Strength training for children

Strength training is a form of exercise that uses resistance against their muscles, which results in the shortening and lengthening of muscle groups. 

It can be done using body weight exercise, resistance bands or gym equipment like free weights, machines or medicine balls. 

Children don’t need to lift heavy weights to benefit from strength training. Encouraging your child to engage in strength-building activities can offer many advantages to health and fitness.  

Guidelines for strength training 

The Australian Physical Activity Guidelines recommend that children aged 5-17 participate in strengthening exercises at least three days a week. 

See Physical activity recommendations  for more information. 

Getting started with strength training 

Children can begin body weight exercise as soon as they feel confident to do so. Activities such as climbing, hopping, jumping and running should be encouraged regularly, and from an early age, as part of daily movement.  

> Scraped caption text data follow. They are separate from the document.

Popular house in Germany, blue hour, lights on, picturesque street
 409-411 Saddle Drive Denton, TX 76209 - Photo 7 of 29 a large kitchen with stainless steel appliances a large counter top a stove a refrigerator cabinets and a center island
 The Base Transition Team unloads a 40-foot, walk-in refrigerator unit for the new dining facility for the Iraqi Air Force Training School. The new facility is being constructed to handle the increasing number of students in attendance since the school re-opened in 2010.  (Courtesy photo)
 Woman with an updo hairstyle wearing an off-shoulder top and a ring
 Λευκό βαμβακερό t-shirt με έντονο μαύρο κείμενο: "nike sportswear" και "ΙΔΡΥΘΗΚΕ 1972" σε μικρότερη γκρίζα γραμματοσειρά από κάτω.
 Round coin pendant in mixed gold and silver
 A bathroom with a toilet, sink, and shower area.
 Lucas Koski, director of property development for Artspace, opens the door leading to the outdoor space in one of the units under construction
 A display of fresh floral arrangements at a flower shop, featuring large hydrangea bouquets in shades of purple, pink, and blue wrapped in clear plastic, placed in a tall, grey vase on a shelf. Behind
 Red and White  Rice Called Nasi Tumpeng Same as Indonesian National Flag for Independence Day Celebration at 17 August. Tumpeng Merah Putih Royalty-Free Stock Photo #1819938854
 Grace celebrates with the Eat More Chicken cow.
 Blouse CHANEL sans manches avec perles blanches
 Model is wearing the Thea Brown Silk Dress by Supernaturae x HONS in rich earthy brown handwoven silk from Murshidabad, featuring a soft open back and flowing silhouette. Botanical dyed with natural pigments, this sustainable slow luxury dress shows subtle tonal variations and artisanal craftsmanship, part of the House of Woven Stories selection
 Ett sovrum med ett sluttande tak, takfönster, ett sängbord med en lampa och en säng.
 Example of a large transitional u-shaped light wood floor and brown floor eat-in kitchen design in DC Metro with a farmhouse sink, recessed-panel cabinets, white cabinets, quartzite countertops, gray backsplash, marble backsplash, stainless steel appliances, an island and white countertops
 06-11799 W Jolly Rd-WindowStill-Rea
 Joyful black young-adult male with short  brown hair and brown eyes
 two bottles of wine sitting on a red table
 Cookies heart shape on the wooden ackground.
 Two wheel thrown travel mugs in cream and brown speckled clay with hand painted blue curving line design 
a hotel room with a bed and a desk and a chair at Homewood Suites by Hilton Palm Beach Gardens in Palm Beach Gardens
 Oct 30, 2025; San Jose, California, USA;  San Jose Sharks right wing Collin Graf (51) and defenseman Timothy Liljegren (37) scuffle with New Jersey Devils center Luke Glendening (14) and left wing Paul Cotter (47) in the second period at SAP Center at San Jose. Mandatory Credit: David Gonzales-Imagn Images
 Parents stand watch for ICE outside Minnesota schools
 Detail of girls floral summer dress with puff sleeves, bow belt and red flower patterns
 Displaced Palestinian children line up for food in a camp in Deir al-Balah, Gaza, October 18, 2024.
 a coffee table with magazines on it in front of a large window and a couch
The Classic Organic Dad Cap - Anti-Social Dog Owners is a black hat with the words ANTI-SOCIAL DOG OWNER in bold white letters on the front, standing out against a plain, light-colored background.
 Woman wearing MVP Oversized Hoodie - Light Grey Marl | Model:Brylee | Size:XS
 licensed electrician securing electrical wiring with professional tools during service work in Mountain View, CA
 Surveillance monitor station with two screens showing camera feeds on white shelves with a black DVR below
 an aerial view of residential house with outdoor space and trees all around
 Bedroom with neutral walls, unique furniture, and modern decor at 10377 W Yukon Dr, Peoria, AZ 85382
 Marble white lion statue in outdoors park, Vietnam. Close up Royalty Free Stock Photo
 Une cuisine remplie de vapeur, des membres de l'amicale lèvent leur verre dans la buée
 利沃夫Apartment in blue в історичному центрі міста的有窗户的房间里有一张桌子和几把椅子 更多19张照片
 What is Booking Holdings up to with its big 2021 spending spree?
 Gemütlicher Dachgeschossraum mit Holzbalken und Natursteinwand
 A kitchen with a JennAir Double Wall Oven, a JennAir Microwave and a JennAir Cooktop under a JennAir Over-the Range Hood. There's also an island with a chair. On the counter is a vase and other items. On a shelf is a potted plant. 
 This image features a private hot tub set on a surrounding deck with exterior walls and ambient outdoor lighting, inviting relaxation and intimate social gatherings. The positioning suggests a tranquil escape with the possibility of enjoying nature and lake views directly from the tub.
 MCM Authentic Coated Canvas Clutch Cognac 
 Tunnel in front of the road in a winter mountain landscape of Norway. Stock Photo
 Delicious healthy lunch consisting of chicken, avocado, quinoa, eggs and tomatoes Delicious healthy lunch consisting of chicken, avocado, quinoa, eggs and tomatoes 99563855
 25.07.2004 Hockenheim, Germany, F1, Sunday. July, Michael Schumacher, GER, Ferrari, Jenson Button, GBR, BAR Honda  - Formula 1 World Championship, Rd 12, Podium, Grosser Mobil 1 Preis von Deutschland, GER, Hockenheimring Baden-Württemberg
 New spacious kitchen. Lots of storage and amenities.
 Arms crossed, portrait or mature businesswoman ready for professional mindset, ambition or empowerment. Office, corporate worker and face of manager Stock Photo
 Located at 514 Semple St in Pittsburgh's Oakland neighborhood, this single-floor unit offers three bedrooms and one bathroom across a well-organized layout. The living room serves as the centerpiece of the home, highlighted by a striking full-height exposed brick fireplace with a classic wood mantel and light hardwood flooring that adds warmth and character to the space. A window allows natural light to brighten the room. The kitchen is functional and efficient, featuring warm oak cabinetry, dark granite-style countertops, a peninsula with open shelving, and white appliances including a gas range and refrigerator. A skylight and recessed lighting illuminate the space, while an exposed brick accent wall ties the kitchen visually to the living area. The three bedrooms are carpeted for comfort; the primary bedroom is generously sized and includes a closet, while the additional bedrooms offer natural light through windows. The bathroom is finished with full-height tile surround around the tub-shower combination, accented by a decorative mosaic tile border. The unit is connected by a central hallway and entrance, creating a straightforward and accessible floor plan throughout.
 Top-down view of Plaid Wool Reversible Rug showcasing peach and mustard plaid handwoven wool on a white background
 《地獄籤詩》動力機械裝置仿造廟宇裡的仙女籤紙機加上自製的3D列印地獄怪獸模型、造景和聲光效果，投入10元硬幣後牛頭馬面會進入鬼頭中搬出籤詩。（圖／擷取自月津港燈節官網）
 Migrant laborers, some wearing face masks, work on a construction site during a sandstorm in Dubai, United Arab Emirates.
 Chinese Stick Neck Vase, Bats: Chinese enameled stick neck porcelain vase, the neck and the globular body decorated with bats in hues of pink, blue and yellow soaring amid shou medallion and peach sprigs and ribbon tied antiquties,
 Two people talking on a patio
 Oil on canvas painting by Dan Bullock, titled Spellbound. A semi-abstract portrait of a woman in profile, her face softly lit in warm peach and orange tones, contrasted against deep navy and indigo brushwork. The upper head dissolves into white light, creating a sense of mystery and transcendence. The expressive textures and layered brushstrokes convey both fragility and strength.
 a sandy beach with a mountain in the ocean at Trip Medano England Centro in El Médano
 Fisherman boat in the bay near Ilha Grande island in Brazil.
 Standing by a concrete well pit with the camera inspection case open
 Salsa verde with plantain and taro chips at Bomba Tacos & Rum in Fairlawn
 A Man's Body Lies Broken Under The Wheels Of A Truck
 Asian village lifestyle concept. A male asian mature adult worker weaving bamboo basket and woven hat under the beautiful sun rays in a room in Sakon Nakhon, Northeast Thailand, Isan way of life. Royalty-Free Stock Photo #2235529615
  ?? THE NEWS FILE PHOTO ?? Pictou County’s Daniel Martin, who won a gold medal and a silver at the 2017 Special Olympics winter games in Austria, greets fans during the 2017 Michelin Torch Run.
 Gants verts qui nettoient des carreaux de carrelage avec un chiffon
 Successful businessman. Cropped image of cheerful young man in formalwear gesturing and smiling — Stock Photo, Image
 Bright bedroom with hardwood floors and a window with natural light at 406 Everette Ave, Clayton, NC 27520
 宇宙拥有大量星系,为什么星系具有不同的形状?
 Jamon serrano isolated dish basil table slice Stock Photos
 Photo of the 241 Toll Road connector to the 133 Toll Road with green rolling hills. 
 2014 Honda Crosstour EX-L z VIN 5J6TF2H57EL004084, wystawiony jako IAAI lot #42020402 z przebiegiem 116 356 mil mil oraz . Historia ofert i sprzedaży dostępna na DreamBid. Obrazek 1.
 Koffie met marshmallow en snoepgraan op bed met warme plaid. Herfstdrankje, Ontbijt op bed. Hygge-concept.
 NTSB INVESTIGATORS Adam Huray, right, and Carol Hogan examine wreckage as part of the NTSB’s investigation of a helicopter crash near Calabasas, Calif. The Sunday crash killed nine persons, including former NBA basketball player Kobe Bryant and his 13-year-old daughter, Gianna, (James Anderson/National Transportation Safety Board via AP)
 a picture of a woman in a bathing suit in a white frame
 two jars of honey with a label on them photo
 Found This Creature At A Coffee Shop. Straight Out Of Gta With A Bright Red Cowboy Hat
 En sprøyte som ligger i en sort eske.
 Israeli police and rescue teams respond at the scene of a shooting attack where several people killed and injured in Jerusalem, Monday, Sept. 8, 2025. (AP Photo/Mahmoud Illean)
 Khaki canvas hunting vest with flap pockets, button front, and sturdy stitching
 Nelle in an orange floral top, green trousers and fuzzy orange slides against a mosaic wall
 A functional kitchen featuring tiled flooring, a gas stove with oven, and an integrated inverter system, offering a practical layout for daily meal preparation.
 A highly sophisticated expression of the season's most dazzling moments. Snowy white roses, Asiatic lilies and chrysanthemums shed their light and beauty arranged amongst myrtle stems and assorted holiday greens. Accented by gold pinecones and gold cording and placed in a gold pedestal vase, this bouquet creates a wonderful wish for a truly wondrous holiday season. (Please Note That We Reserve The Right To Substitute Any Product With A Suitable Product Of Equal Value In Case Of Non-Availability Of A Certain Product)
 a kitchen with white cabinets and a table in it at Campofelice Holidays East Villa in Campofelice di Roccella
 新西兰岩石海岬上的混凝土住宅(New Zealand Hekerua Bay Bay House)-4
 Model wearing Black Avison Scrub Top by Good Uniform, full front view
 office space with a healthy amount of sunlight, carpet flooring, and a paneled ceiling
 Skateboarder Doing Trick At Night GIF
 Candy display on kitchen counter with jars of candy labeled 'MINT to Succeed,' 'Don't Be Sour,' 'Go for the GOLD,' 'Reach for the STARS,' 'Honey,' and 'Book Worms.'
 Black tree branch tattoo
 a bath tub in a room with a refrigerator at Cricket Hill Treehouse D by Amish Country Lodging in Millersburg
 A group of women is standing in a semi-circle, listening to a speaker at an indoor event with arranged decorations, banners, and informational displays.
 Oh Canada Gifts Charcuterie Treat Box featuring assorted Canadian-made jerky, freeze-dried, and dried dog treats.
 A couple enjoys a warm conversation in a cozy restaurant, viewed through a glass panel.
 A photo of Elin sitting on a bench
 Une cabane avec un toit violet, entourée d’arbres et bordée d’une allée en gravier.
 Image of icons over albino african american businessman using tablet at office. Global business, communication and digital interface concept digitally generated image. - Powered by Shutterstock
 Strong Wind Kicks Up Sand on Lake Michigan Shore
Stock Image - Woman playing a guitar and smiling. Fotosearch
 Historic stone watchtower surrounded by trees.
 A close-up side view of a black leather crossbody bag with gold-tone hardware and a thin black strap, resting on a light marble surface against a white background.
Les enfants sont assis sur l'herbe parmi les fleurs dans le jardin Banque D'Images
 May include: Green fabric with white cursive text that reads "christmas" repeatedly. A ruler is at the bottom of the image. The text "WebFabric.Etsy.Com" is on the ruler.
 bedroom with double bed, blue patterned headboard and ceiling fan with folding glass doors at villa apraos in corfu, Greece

For supervised weight training, the Australian Strength and Conditioning Association's position states that children are ready when they: 

  • are participating in organised sport
  • have the emotional maturity to accept and follow instructions.  

The position statement outlines that the youngest age at which a child should engage in weighted resistance training programs is six years of age. This recommendation is based on extensive research into the risks and rewards of these activities for children. As children get older, they will gradually be able to handle an increase in resistance.  

Starting strength training 

Before child starts any weight training, it is important to speak with a professional, for examples an exercise physiologist or personal trainer. They are the most qualified to provide recommendations based your child’s ability and age.  

To ensure safety when strength training, consider the following: 

  • always ensure your child is supervised by a parent, carer or trained exercise professional
  • start with body weight exercises before easing into weights 
  • focus on the child’s form before adding heavier weights
  • when in a group setting, ensure the ratio of instructors to children is enough 
  • include warm-ups and cool-downs to prevent injuries and help recovery
  • don’t overdo it, and rest between sets 
  • keep it fun and engaging. 

 Strength training risks for children 

Strength training risks usually come from:   

  • lack of supervision during exercises
  • misuse of equipment or treating them as a toy 
  • poor technique.

With the right guidance and supervision, strength training is safe and great for their health and fitness. 

Did you know?

A well-rounded strength program for children should target all major muscle groups and promote a full range of motion.